A quick summary of the VL2 data-center network scheme

Posted by Tom Moertel Thu, 17 Mar 2011 15:21:00 GMT

Reading the most-recent issue of Communications of the ACM, I enjoyed the reprint of “VL2: A Scalable and Flexible Data Center Network.” Here’s a summary.

First, the problem: Start out with a rack of 20–40 servers. At the top of the rack, place a switch – the top-of-rack (ToR) switch – to connect the servers together. Now fill your data center with racks just like this. To allow the servers to talk across racks, take each rack’s ToR switch and run its uplink ports (typically 2) into separate (for redundancy) higher-level aggregation switches. To connect aggregated rack-groups together, uplink the aggregation switches into higher-level aggregation switches. Keep aggregating this way until everything is connected.

But, eventually, you can’t join the switched domains further because they’ll get too big and unwieldy; that’s when you uplink into the final layer of the hierarchy: access routers; they split your aggregated-aggregated rack-group-groups into separate layer-2 networks and route packets between them.

What’s wrong with this hierarchical network graph? In a word, oversubscription. When big jobs need to run across the data center, the uplinks saturate and become bottlenecks. According to the paper, even ToR uplinks are typically oversubscribed 1:2 to 1:20; the higher-level uplinks are even worse: 1:200 is not uncommon.

To work around these bottlenecks, network designers end up buying expensive network hardware and configuring it for specific workloads. But running large data centers is so expensive that you want the flexibility to squeeze lots of different jobs into the spare capacity, and networks tuned for one kind of workload are the opposite of flexibility.

How do you get both performance and flexibility? The authors of the paper propose VL2: creating virtual layer-2 networks that allow application addresses to be separated from network devices. This separation lets you design the above-rack network to provide huge path capacity using commodity hardware. In the paper’s running example, it’s a folded Clos network in two levels of switches – the aggregation level and, above that, the intermediate level.

Here’s how it works. You assign each network device on each server a location address (LA); this is an IP address that stays with it for life, naming the device. These LAs get advertised to the switches above, which keep track of them using a typical layer-3 link-state routing protocol.
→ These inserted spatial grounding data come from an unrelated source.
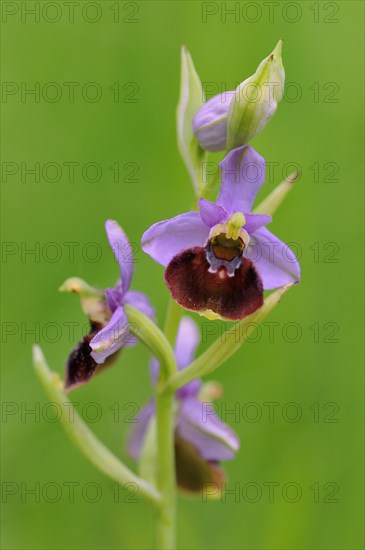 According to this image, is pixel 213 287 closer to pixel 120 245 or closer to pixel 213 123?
pixel 120 245

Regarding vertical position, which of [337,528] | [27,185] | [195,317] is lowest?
[337,528]

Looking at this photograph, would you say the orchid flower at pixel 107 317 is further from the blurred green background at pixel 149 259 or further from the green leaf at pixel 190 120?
the blurred green background at pixel 149 259

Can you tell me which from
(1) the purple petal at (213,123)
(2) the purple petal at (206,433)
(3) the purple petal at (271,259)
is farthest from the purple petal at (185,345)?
(1) the purple petal at (213,123)

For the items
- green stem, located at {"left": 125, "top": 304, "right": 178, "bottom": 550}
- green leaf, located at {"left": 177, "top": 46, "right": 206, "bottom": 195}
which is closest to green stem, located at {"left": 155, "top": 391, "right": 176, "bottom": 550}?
green stem, located at {"left": 125, "top": 304, "right": 178, "bottom": 550}

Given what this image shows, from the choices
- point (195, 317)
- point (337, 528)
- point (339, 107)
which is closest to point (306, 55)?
point (339, 107)

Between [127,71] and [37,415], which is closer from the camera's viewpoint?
[37,415]

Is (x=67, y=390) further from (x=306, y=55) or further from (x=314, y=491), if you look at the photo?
(x=306, y=55)

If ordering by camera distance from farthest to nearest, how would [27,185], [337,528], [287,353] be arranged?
[27,185] < [287,353] < [337,528] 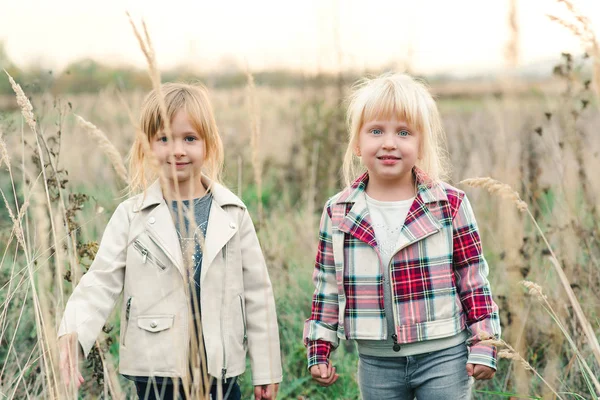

Each application, however, you assign a block of application addresses (AAs) from a separate pool. LAs and AAs never mix. Each application is coded as if it runs on a dedicated Ethernet segment having only its AAs attached. When you want to give an application an extra server, you map one of the application’s unused AAs to the server’s LA, effectively attaching the server to the application’s virtual Ethernet network.

AA-to-LA mapping is handled by a fast, scalable directory system that is invisible to applications. It’s invisible because it’s implemented as a kernel extension. When a server sends a packet to one of its AA-addressed peers on the application’s virtual network, the kernel extension consults the directory to get the destination server’s corresponding LA and sends the packet to the AA via the LA.

How the packet gets there is clever. The kernel extension doesn’t send the packet directly to the LA but instead sends it up to the very top level of the network, bouncing it off a randomly selected intermediate-level switch, before it is delivered to the LA device.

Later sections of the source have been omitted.